El período de construcción democrática en la República Dominicana comienza con la caída de la tiranía de Rafael Leonidas Trujillo, un proceso zigzagueante y lamentables interrupciones, como ocurrió desde los mismos inicios, cuando el sector más rancio de la sociedad conspiró y materializó el derrocamiento del gobierno del presidente Juan Bosch y su Partido Revolucionario Dominicano (PRD).
Igual, el discurso político se empezaba a construir, lo mismo que el partidismo como instrumento para el establecimiento de una democracia. El ejercicio de la política se afirmaba en la asechanza, en la malicia, en las conspiraciones y en un primitivismo orientado a la destrucción de los contrarios, sin considerar medios.
Ya ha pasado demasiado tiempo, 57 años, y por momentos los avances se tornan precarios, como si tantas vivencias no dejaran algunos aprendizajes, especialmente para quienes se consideran “líderes políticos”.
La destrucción del proyecto democrático presidido por Bosch desató los infiernos del terror y la violencia, bajo el temor de que el país volvería a caer en la dictadura o en el militarismo. El largo proceso de inestabilidad desde el golpe de estado del 24 de septiembre de 1963, condujo a una guerra civil, y subsecuentemente, a una intervención militar de Estados Unidos, una gran afrenta y derramamiento de sangre.

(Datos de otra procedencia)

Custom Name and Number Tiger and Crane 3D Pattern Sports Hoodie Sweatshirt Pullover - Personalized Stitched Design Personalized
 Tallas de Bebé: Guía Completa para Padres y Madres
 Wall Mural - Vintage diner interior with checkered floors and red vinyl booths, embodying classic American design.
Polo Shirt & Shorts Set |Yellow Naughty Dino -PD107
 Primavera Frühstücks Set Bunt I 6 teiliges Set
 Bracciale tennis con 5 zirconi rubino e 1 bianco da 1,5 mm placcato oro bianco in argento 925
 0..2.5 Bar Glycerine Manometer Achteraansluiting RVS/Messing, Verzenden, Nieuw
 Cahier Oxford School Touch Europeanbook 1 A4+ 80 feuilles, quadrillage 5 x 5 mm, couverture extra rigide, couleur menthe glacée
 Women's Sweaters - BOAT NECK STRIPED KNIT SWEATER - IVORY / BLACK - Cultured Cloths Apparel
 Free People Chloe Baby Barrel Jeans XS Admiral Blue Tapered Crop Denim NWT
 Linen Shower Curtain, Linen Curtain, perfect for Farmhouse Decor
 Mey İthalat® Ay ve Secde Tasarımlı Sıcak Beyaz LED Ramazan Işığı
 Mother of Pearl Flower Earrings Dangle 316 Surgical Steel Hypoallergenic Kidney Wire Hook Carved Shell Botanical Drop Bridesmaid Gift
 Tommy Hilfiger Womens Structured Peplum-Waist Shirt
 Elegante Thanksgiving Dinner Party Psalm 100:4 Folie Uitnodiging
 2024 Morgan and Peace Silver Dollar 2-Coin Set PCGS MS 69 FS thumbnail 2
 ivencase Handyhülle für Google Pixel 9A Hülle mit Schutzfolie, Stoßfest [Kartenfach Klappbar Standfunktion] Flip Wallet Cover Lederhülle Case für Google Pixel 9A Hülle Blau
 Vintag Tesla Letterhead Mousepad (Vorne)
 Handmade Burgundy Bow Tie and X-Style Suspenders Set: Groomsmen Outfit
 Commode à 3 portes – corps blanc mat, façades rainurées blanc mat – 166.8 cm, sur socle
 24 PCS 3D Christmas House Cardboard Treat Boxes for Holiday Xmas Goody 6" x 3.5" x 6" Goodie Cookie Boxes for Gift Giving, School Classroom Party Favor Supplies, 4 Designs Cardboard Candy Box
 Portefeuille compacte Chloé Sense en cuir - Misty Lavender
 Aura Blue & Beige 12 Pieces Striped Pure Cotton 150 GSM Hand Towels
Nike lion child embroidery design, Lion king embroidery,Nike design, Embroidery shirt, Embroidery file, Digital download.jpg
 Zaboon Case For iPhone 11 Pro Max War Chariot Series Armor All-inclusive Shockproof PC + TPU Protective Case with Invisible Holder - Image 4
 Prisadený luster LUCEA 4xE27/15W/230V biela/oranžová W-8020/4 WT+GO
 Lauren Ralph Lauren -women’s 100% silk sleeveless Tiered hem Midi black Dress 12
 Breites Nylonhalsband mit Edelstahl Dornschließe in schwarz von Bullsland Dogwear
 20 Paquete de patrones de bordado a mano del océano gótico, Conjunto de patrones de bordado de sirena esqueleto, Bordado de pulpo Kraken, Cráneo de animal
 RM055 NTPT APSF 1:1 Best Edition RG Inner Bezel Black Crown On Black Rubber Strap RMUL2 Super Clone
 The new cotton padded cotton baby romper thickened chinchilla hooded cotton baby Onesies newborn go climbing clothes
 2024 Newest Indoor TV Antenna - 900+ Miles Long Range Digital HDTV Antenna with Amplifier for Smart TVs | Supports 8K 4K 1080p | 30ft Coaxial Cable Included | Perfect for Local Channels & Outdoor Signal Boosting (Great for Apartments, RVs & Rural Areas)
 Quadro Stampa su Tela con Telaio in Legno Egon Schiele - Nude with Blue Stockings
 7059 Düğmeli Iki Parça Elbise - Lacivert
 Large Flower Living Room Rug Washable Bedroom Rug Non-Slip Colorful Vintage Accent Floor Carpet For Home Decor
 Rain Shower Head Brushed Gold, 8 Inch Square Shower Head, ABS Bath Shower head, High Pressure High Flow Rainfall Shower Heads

Vendría luego un gobierno de fuerza presidido por Joaquín Balaguer, y sólo después de 12 años bajo la continuidad del trujillismo, una suerte de transición aletargada de la dictadura hacia la democracia, cuando de nuevo el PRD y las fuerzas democráticas lograron en 1978 reencauzar el proyecto iniciado en 1963.
Hoy, serpentean manifestaciones, conductas anacrónicas que no se corresponden con un ejercicio de la política en tiempos modernos.
¡Cómo recurrir a un ex convicto por narcotráfico como medio probatorio! ¡Cómo darle carta de ciudadanía a una persona que no tiene ninguna calidad, que constituye una negación absoluta de valores!
La sinrazón no puede arrastrar un recurso como la política a la más aberrante degradación. El país del siglo XXI no puede sucumbir ante la abyección.
El ejercicio de la política, pese a todas las corrupciones y falencias, requiere un mínimo de respeto y decoro. Siquiera algo de nobleza ante la ciudadanía.